At 38, he is the youngest route director ever appointed by Network Rail and, apart from a brief spell as a police psychologist — he has a masters degree in the subject — has worked for the rail infrastructure firm and its predecessor, Railtrack, since 1999.

He says some people were surprised by his decision to take on his current role last November, given the scale of the task ahead, with a £5bn investment programme to bring the Great Western main line into the 21st century — including electrifying the routes from London to Oxford, Newbury, Bristol and Cardiff and installing a £350m signalling system — at the same time as spending £400m a year on regular renewals of track and other equipment and keeping one of the busiest parts of Britain’s rail network running smoothly.

He said: “There’s nowhere else on the rail network I would rather be working at the moment than Western.

“There has never been a more exciting time to work on the railways, simply because of the level of investment we’re undergoing at the moment and the rate of change — the fact it’s such a growth industry, with a 60 per cent increase in freight and 40 per cent in passengers over the past 10 years.

“No other industry has those kind of growth figures and if you put that with the level of investment the Government is currently putting into it, it’s a fantastic place to be.”

The graduate trainee who joined Railtrack at the end of the 1990s wasn’t initially sure that was the case.

He said: “I joined the training scheme principally to gain a grounding of general management experience.

“I think if someone had told me that I would still be here 12 years later, I would probably have been surprised.

“If someone told me now I would still be here in 12 years’ time, I wouldn’t be.”

But he isn’t starry-eyed about what lies ahead — “trying to deliver an improving railway at the same time as looking after Europe’s biggest building site” — as he and almost 2,000 Network Rail staff working for him, plus countless contractors, go about creating a 21st-century railway on the 19th-century foundations left by the pioneering engineer Isambard Kingdom Brunel, while keeping 200,000 passengers a day on the move.

“My current analogy is that it’s basically like trying to repair a battleship while it’s still at war. That’s how it feels,” he said.

“Telling people it’s going to be great in five years isn’t something that’s tenable in many respects. They want to know what we’re doing day in, day out.

“What I can say is that from a Network Rail perspective in the year just finished, ([the company’s management year runs from April to the end of March), our delivery in terms of passenger delays has been about 8.8 per cent lower than in the previous year and we have done that against a backdrop of ramping up the delivery of engineering work (such as completion of a £67m track redoubling project on the Cotswold Line between Oxford and Worcester) — so it can be done.

“The challenge is to keep that going for the next four years as the level of investment ramps up still further.”

Network Rail is also under constant pressure from the Government to help bring down the costs of operating and maintaining the railway, which have soared since privatisation in the mid-1990s.

Looking back at his early days in the industry, Mr Hallgate recalls a resignalling scheme on the West Anglia route from London where potential capacity enhancements were being cut out to try to keep within a fast-escalating budget.
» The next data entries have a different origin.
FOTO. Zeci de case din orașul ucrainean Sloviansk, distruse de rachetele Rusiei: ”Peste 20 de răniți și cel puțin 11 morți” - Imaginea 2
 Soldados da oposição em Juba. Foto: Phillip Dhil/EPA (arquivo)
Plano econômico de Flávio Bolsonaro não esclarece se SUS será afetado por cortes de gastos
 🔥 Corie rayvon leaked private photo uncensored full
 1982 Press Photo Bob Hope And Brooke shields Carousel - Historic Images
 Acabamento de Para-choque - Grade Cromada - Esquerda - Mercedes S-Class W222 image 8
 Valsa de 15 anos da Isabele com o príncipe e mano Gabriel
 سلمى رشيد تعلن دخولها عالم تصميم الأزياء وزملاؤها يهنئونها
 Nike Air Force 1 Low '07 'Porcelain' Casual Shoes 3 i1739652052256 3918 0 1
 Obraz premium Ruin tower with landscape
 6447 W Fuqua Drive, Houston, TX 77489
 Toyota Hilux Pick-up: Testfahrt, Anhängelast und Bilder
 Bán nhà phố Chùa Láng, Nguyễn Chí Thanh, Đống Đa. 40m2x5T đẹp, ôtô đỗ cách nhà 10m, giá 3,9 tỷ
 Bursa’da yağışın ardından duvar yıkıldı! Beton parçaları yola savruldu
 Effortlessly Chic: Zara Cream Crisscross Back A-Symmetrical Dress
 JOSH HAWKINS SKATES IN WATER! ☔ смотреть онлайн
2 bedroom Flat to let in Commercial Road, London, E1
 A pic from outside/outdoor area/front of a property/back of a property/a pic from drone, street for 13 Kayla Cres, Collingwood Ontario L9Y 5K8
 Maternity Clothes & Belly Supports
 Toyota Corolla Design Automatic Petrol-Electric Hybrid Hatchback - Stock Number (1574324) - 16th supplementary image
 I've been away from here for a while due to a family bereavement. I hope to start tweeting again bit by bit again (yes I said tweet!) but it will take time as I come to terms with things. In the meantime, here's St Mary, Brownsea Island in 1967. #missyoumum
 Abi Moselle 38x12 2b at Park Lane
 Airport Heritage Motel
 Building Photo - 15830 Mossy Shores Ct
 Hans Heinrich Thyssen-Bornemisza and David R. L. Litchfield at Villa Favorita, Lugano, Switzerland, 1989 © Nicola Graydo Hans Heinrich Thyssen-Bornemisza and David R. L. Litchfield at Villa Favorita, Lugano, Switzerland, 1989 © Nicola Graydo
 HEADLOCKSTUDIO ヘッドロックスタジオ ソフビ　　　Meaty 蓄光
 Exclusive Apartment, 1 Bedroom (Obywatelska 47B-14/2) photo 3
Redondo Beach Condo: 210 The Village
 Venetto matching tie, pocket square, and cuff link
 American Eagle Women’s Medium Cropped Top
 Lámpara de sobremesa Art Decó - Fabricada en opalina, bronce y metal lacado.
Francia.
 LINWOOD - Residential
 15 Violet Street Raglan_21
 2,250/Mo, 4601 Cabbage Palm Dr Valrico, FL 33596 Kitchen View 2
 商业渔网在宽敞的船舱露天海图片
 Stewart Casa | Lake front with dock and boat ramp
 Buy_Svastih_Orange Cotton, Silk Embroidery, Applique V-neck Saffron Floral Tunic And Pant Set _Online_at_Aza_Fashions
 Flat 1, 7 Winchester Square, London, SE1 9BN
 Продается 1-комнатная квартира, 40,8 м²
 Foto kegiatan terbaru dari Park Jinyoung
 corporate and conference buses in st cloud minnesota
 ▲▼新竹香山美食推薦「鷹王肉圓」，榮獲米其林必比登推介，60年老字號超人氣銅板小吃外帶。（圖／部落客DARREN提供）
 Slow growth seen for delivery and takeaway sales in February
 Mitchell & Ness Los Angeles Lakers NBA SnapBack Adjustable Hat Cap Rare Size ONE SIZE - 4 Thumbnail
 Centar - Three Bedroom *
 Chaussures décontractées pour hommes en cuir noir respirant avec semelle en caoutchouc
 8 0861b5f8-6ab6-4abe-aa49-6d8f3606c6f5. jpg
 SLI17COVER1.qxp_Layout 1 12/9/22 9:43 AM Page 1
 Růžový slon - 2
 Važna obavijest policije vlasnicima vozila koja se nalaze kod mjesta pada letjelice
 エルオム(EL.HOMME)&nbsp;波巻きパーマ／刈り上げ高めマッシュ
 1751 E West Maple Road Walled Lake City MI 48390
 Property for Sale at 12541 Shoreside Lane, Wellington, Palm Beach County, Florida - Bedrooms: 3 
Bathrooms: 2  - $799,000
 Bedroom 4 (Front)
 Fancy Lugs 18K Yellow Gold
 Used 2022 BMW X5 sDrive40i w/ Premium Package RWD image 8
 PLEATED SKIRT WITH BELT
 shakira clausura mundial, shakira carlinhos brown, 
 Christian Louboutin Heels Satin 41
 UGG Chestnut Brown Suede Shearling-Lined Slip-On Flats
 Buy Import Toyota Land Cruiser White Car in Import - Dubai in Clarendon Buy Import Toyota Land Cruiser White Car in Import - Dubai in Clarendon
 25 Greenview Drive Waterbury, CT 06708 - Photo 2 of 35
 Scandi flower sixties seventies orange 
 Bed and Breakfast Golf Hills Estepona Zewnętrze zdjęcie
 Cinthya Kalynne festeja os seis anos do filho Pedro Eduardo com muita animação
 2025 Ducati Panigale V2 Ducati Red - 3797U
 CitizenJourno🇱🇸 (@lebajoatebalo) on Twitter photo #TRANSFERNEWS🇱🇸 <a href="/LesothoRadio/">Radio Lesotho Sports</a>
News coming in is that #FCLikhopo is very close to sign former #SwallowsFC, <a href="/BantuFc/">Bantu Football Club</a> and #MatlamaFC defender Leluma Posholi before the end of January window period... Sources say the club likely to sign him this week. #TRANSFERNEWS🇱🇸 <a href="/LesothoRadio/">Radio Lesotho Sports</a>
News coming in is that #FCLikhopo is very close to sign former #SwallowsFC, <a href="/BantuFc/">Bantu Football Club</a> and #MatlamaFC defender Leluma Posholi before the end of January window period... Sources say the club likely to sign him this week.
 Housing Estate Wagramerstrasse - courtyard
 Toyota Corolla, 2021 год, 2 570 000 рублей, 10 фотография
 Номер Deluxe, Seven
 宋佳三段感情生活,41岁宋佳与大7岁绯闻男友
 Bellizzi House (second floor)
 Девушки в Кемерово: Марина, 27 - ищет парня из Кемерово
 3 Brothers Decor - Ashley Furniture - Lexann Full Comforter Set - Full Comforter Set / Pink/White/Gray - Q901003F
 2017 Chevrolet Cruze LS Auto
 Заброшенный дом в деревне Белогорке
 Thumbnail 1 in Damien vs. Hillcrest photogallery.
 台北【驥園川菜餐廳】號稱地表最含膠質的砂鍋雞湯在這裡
“Things have changed since then,” he said “Firstly, costs are under control. We recognise as an industry there are strides in efficiency we can still make but we are significantly more efficient than we were six, seven or eight years ago.

“The Government has seen the direction of where we’re trying to go with efficiency and seen therefore that it’s worthwhile investing more money in rail.”

Keeping control of costs and driving them down amid the capacity enhancement investments is “not an easy process, but we have signed up to a five-year programme”.

He added: “We are starting year four, so we have two years left to hit our efficiency targets, which we’re on track to do, so the cost of running the Network Rail element of the railway will be 22 per cent more efficient at the end of the five-year period than at the start, on the back of even tougher targets in the previous five years.

“The challenge at the moment is meeting the efficiency targets while improving our service delivery.

“What we have seen over the past 18 months is that growing that performance once you’re putting more trains on the network means we’re struggling now with capacity constraints, making it harder to recover from incidents.”

Mr Hallgate concluded: “We have to be mindful of this challenge on a daily basis and I’m acutely aware people pay an awful lot of money to travel from A to B.

“Me saying there will be jam in five years’ time isn’t something that people want to hear, so I completely accept that we have a role to improve the service.

“But we must also deliver investment on an efficient basis that gives us something fit for the 21st century.”